Hypothyroidism following radiation therapy (RT) for treatment of Head and Neck Cancer (HNC) is a common occurrence. Rates of hypothyroidism following RT for Early Stage Laryngeal Squamous Cell Carcinoma (ES-LSCC) are among the highest. Although routine screening for hypothyroidism is recommended; its optimal schedule has not yet been established. We aim to determine the prevalence and optimal timing of testing for hypothyroidism in ES-LSCC treated with RT.

Method

We conducted a population-based cohort study. Data was extracted from a prospective provincial head and neck cancer database.
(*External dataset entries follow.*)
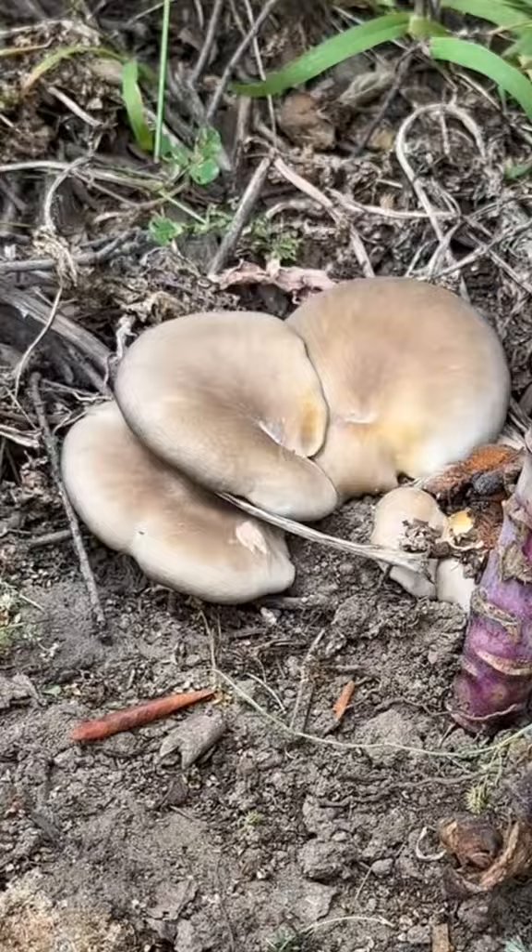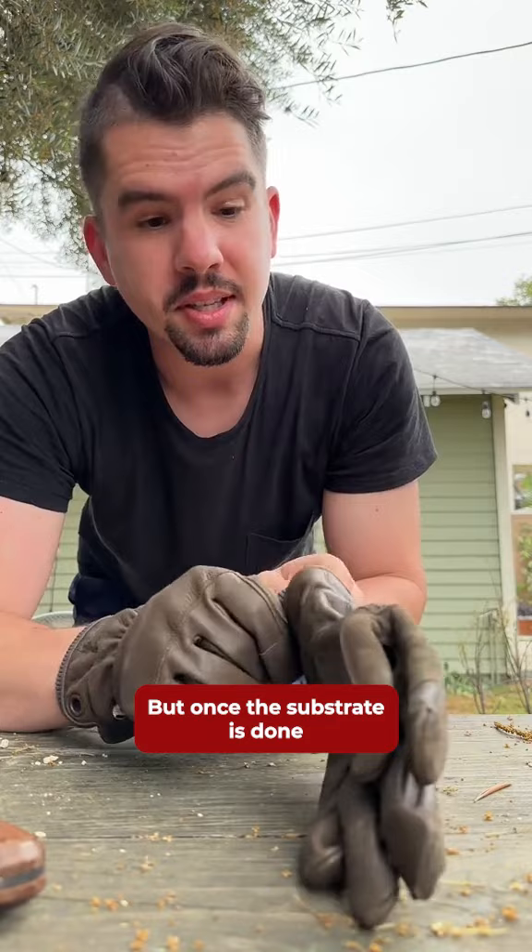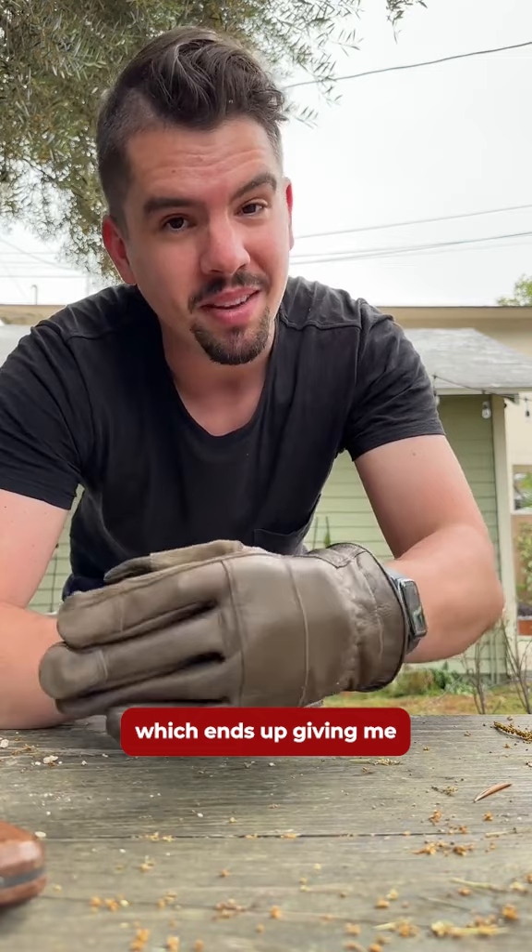We've got mushrooms. Over the last year or two I've gotten quite a few mushrooms from mushroom grow kits where I get a pre-inoculated bag, spray some water, and let it grow. But once the substrate is done producing I just dig up the soil somewhere in my yard and plant the mushrooms, which ends up giving me mushrooms later at some point — which is what we're going to harvest today.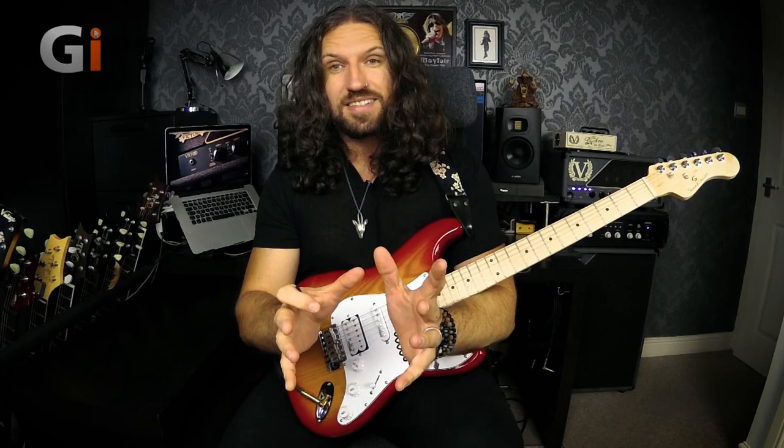Hi guys, Nick Jenison for Guitar Interactive. Thank you so much for joining me on this lesson on the subject of stuff that I wish somebody had sat me down and told me many years ago when I was learning the guitar. Today we're going to talk about technique — and we're going to talk about good technique.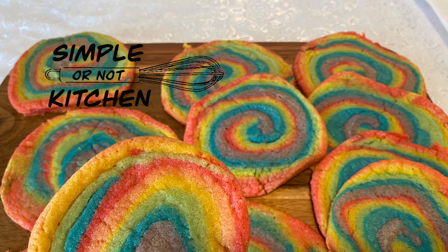You can see each individual color of the rainbow in every cookie — aren't those pretty? These rainbow cookies bake at 350 degrees for about 10 minutes. Watch them closely so they don't burn. That's it — a super simple way to celebrate Pride. Thank you for watching Simple or Not Kitchen. For more recipes, articles, and videos, go online to pinelcentral.com.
Demographic, survival data, and pre- and post-treatment thyroid stimulating hormone (TSH) levels were obtained for patients diagnosed with ES-LSCC from 2008–2012. Inclusion criteria consisted of patients diagnosed clinically with ES-LSCC (T1 or 2, N0, M0) treated with curative intent. Patients were excluded if there was a history of hypothyroidism before the treatment or any previous history of head and neck cancers.

Results

Ninety-five patients were included in this study. Mean age was 66.1 years (range: 44.0–88.0 years) and 82.3 % of patients were male. Glottis was the most common subsite at 77.9 % and the average follow-up was 40 months (Range: 12–56 months). Five-year overall survival generated using the Kaplan-Meier method was 79 %. Incidence of hypothyroidism after RT was found to be 46.9 %. The greatest frequency of developing hypothyroidism was at 12 months.

Conclusions

We found a high prevalence of hypothyroidism for ES-LSCC treated with RT, with the highest rate at 12 months. Consequently, we recommend possible routine screening for hypothyroidism using TSH level starting at 12 months. To our knowledge, this is the first study to suggest the optimal timing for the detection of hypothyroidism.

【 授权许可】

   
2015 Mulholland et al.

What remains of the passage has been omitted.